An article in Enough of Us (www.enoughof.us) claims that in California only 2 percent of foster kids attend college. One fourth end up in jail within two years of reaching adulthood. One in five become homeless. Good statistics are hard to come by, but during my time in prison I talked with many inmates who had been through the foster care systems of various states.
One in particular, Billy, told awful tales of his experiences as a foster kid in Maryland. He and his siblings were separated when he was five or so. In his first foster home he became sick at the dinner table and vomited. The foster father forced him to eat what he had just thrown up. He suffered abuse and neglect until he was old enough to run away. Finally he was sent to a juvenile facility. In Georgia he got locked up at age 16 and served 20 years. Another friend, Tim, was sent to a “Christian” orphanage in Kentucky. He was also around five. After his mother died he and his brothers and sister were all sent there. He was crying in the courtyard and the head of the orphanage picked him up by the ankle and began whipping him with a leather strap until he began to bleed. He stopped crying. As a teen he went on a robbery spree to fuel his drug habit.

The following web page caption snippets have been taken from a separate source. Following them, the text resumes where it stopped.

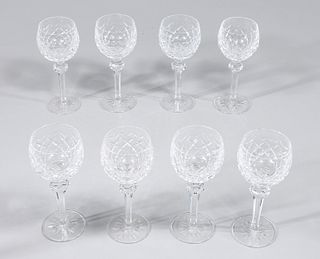 Group of Eight Waterford Wine Glasses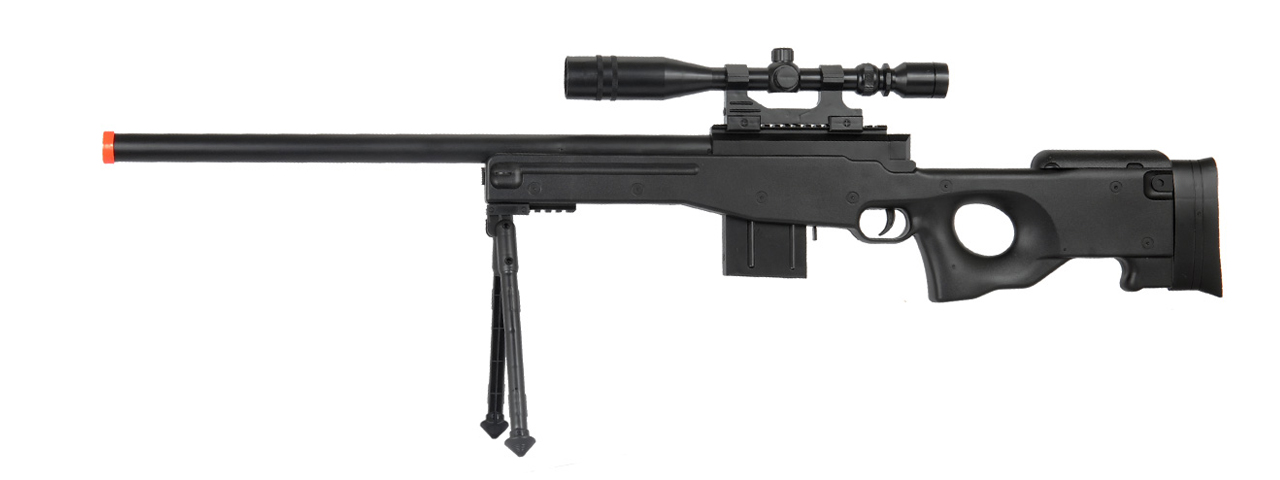 UKARMS P96 Spring Rifle w/ Bipod and Scope - Click Image to Close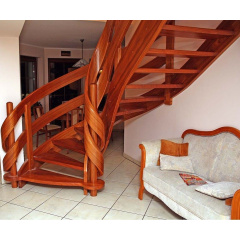 Спиральная лестница с гнутыми элементами Винница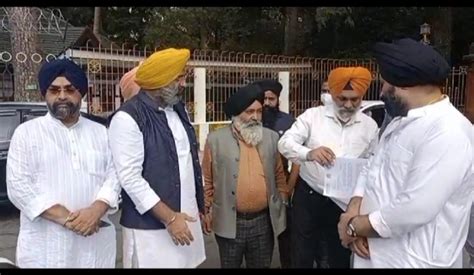 Sikh Delegation From Delhi Meets Satya Pal Malik On Harijan Colony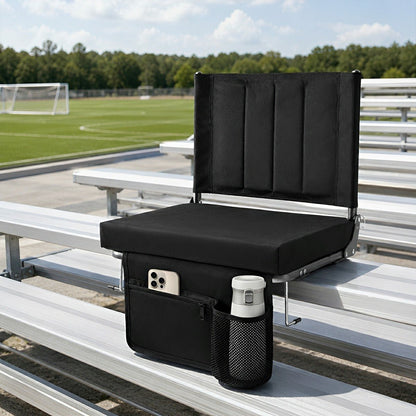 Folding Stadium Seat – Thick Cushion, 350 lbs, Non-Slip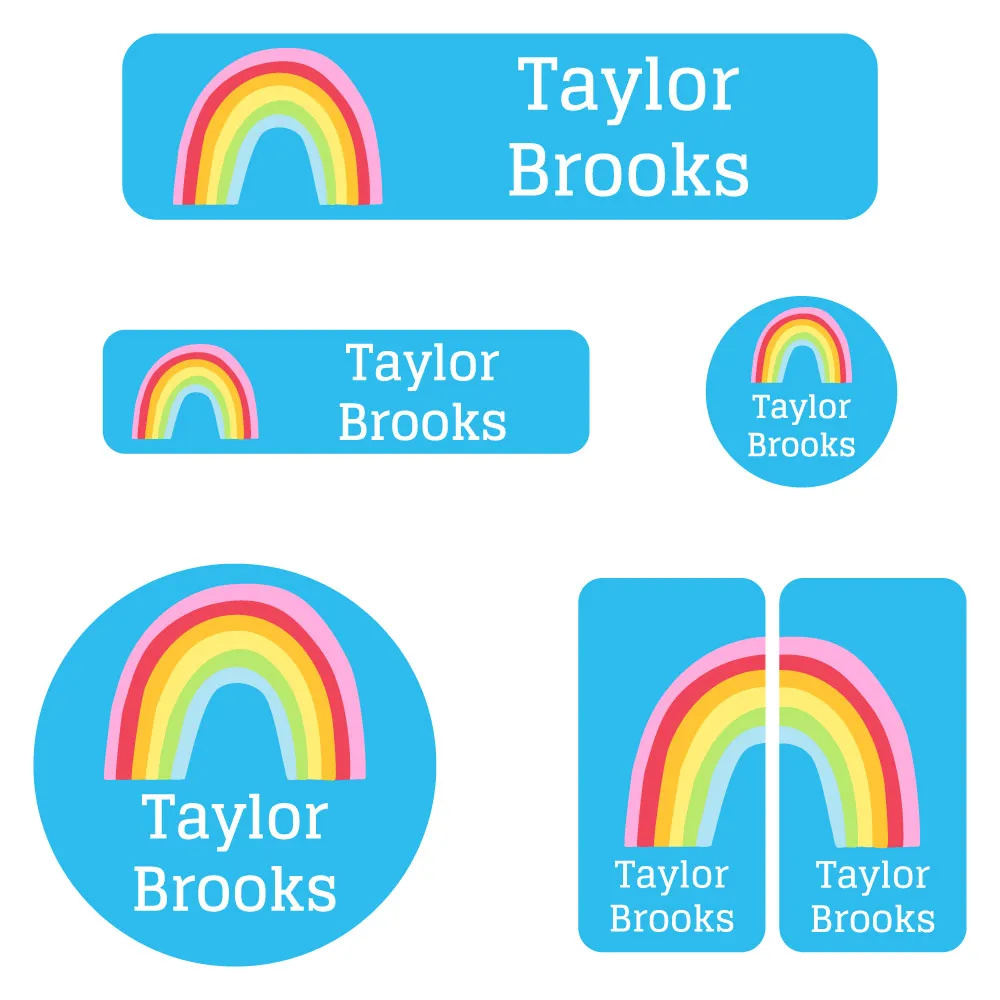 Rainbows Kindergarten Labels Pack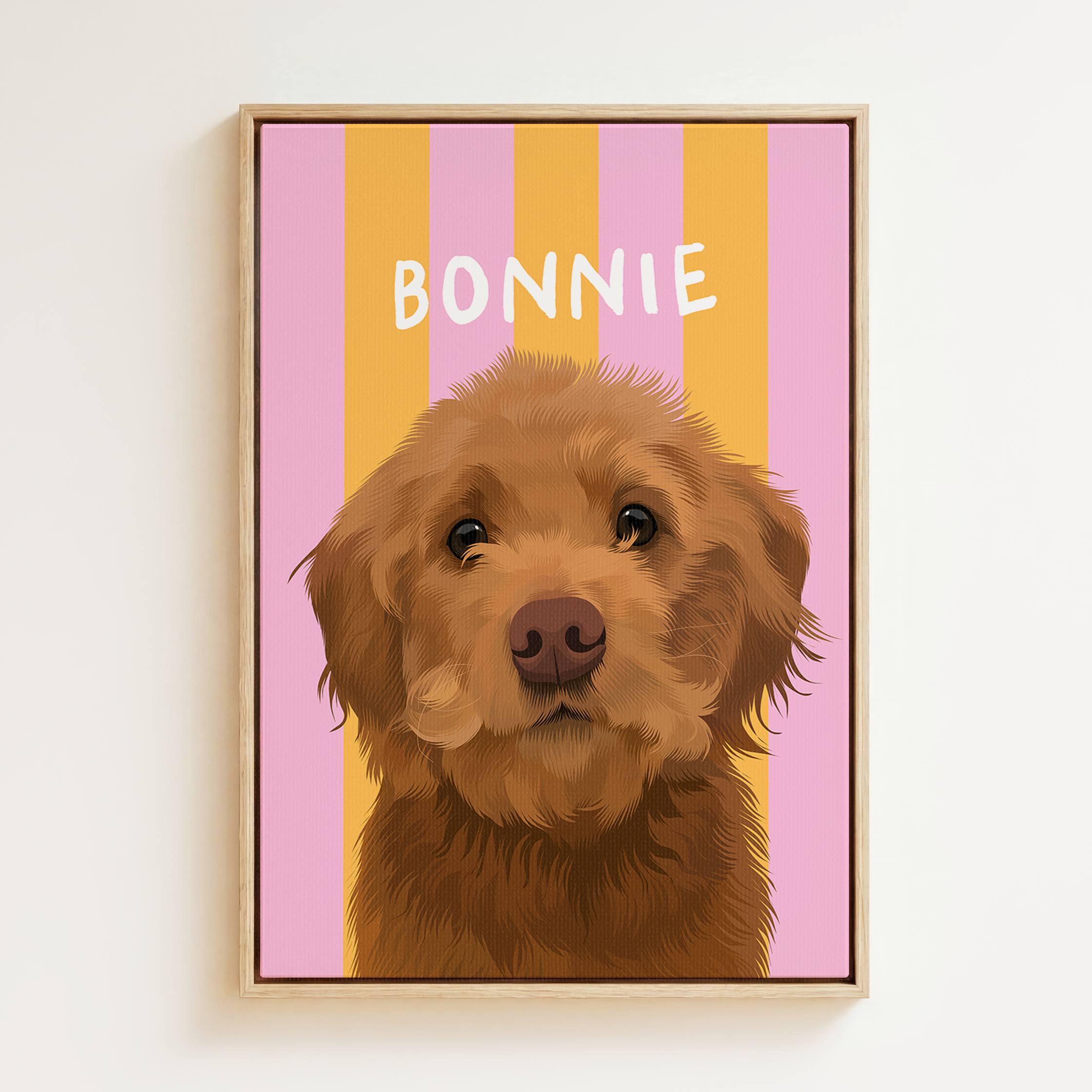 Stripy | Custom Pet Portrait Canvas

These two were representative of a lot of guys I knew. They were angry at the world. They were poorly socialized. They trusted few people. They had learned to protect themselves the hard way, and they were ready to hurt others in order to do it. They were determined to never be defenseless again.
I imagine that most kids who are adopted or are in foster care don’t suffer these kinds of extremity, and I have known several people who were fine foster parents. The idea of foster care is that kids are safer away from their parents than they are with them. The truth is that this is often not true. Sometimes even a bad situation with family is better than the unknowns of an overburdened system. For Amy, and for Garrett too, it is too late. Amy’s so called mother told the social worker that she was tired of Amy “pooping herself,” and that “if she was going to act like a dog, she would be treated like one.” This same woman continued to live with a proven abuser and allowed him to discipline the children. Somehow this home was seen as suitable by the state of Kentucky.